Let's say that I'm running in EL1 and I want to change the stack location used by the exception code.
Using the SP_EL1 register is actually not permitted when running in EL1, so something like this is not permitted according to the ARM ARM:
ldr x0, =(some_location) msr sp_el1, x0
But I can still do something like this:
msr SPSel, #1 ldr x0, =(some_location) mov sp, x0 msr SPSel, #0
After setting the new location for SP_ELx I go back to the SP_EL0 stack.

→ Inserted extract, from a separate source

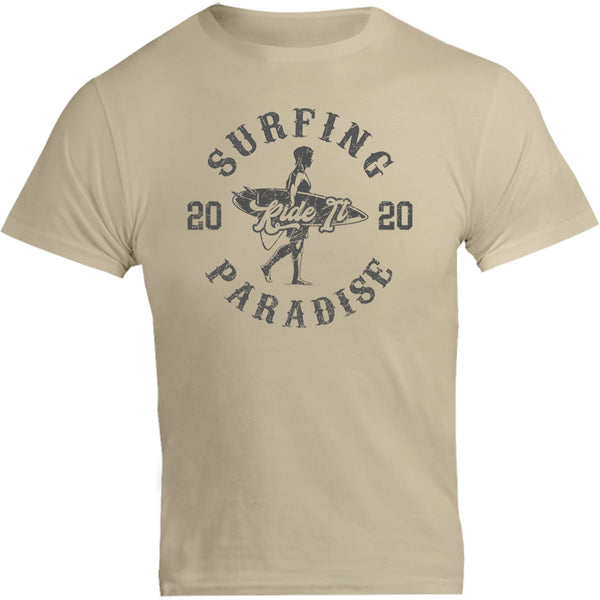 Surfing Paradise - Unisex Tee - Graphic Tees Australia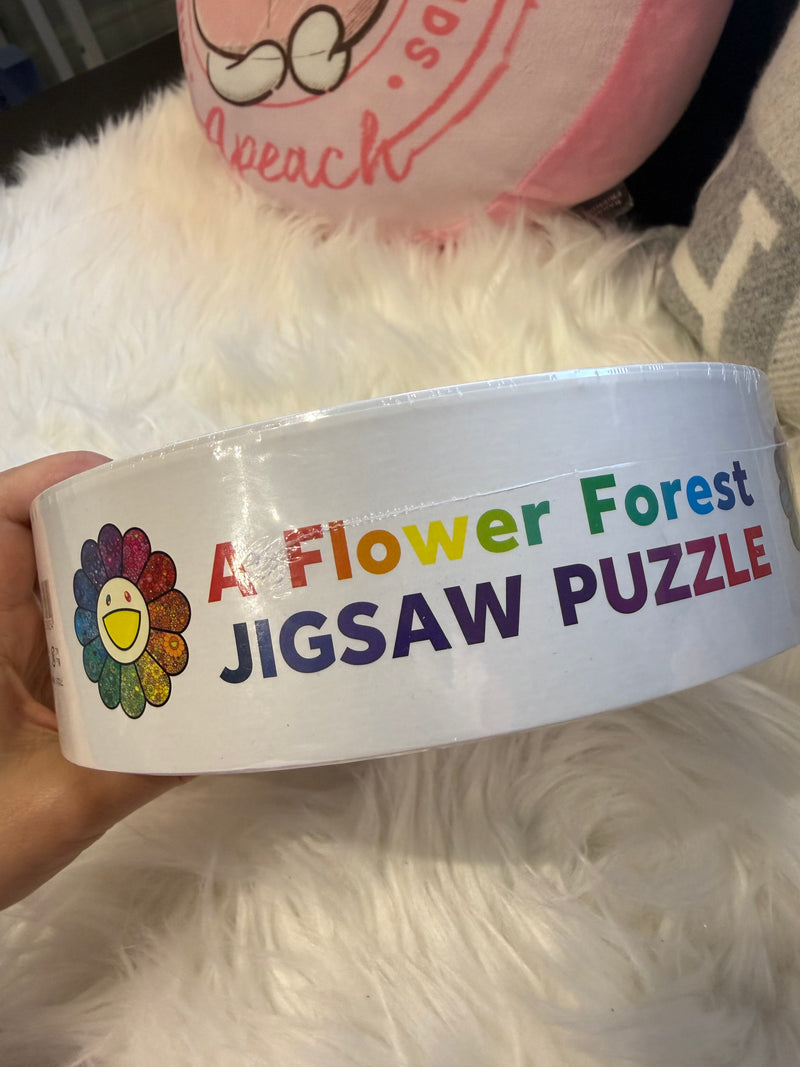 Takashi Murakami A Flower Forest Jigsaw Puzzle 314 Pieces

This is confusing to me. Why reading / writing the SP_EL1 register is not permitted from EL1 when I can still use SPSEL + MOV?
Yes, but you cannot write to it to set the SP. See:
if PSTATE.EL == EL0 then UNDEFINED; elsif PSTATE.EL == EL1 then if EL2Enabled() && HCR_EL2.<NV2,NV> == '11' then NVMem[0x240] = X[t]; elsif EL2Enabled() && HCR_EL2.NV == '1' then AArch64.SystemAccessTrap(EL2, 0x18); else UNDEFINED; ...
Did you try with a MOV SP, <Xn>?
This is exactly what I’m doing. Please read my question. I can change the SP_EL1 with SPSEL + MOV but not acting directly on the SP_ EL1 register.
The docu clearly states that "msr SP_EL1,<xt>" is undefined in EL1. So what?